# [Data section]
BEGIN

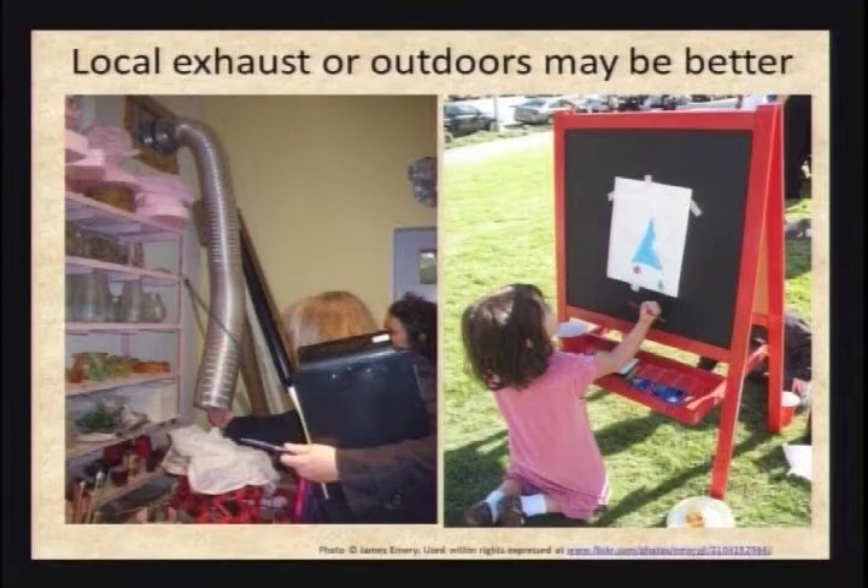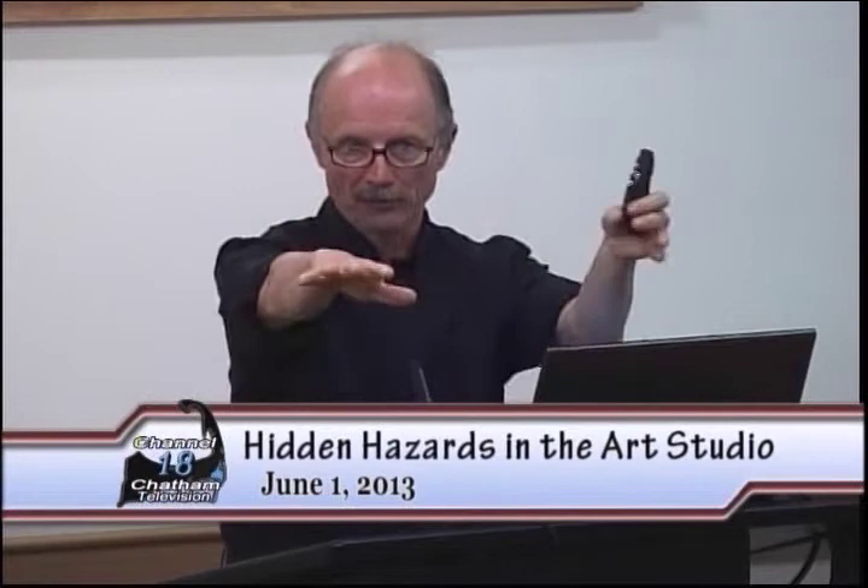Local exhaust is basically taking a fan and a tube of some kind. If this is where I'm working with the toxic stuff, I want to have that fan close enough that any toxic dust or vapors I'm generating are shooting out through it and going right outside. Trust me — the universe can handle the tiny amounts of stuff you throw outside your house or studio way better than your lungs can handle it if you breathe it in.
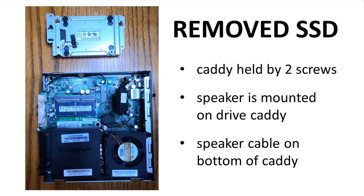We now have a clear view of the RAM. There are two slots for RAM, and with the system being so small, the system requires laptop RAM sticks.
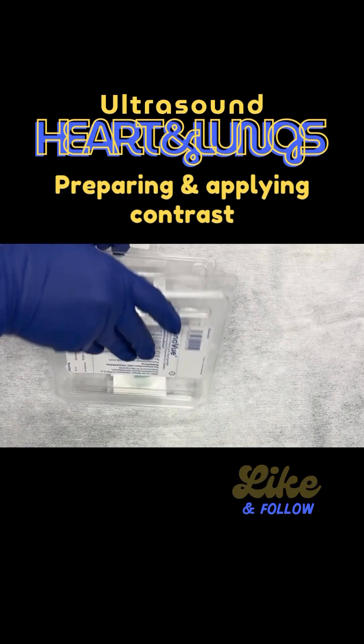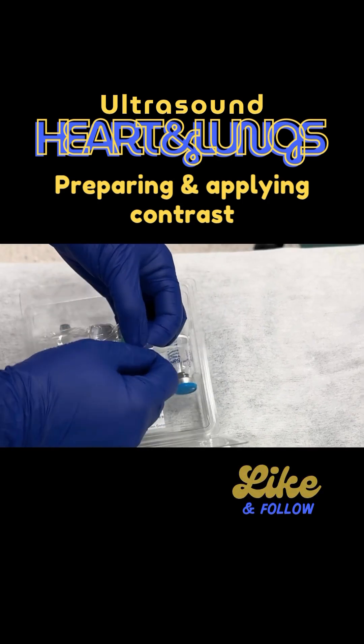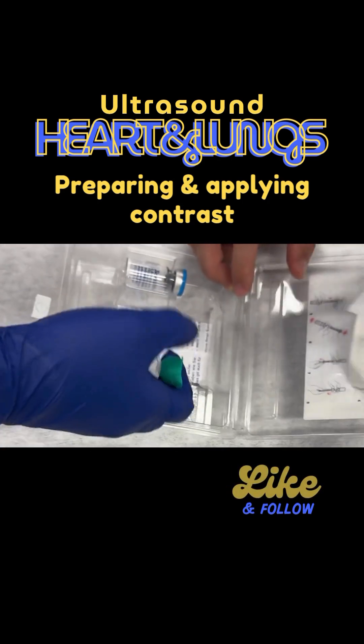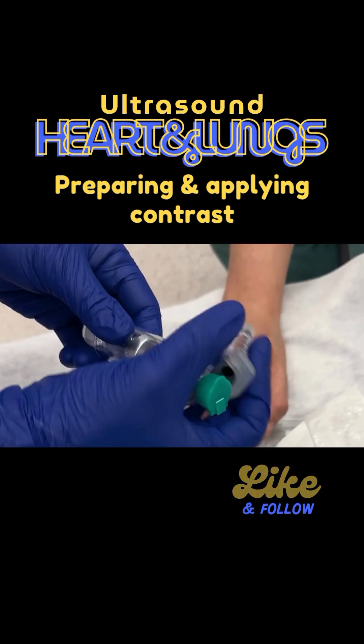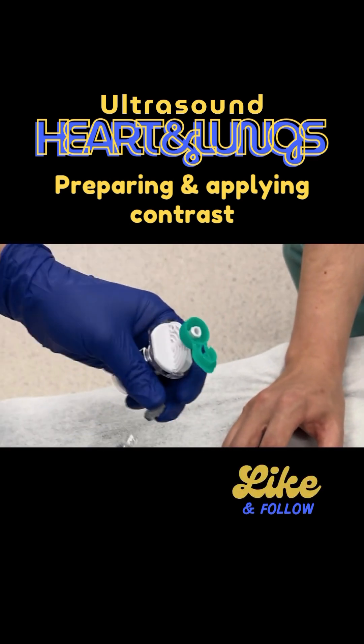For left ventricular contrast we open it. We have Sonovue here and you can see there are several components. The components need to be individually unpacked. You have the Sonovue per se, you have an adapter and you have sterile fluid, and you attach the adapter — you can see that you can open it.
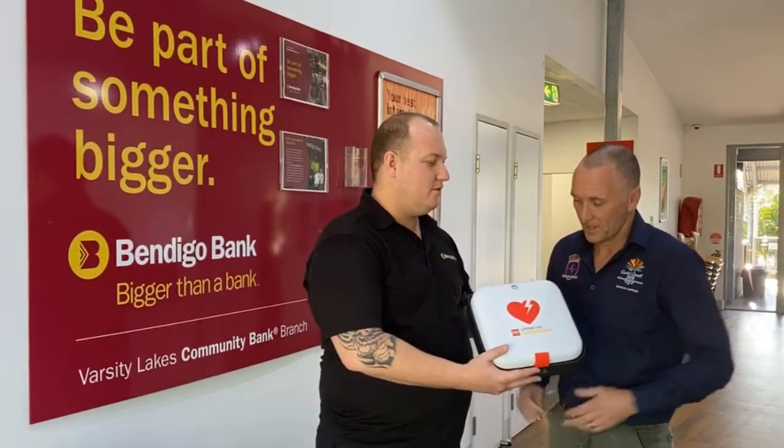Hi, I'm Adam Robson. I'm the branch manager of the local Bendigo Bank. The Varsity Lakes Community Bank likes to support our locals and part of that is we'd like to donate this defibrillator machine to the Varsity Lakes Sports House for their members. Thanks Adam. Hopefully it's something we never have to use, but knowing that we're heart safe here at the Sports House is definitely reassuring for us, and thank you very much to the Varsity Lakes Community Bendigo Bank.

END

Retype exactly. Include each line from the start of the material through the line holding "We now have", and leave the pictures out.

# [Solution for this exercise]
Local exhaust is basically taking a fan and a tube of some kind. If this is where I'm working with the toxic stuff, I want to have that fan close enough that any toxic dust or vapors I'm generating are shooting out through it and going right outside. Trust me — the universe can handle the tiny amounts of stuff you throw outside your house or studio way better than your lungs can handle it if you breathe it in.
We now have a clear view of the RAM. There are two slots for RAM, and with the system being so small, the system requires laptop RAM sticks.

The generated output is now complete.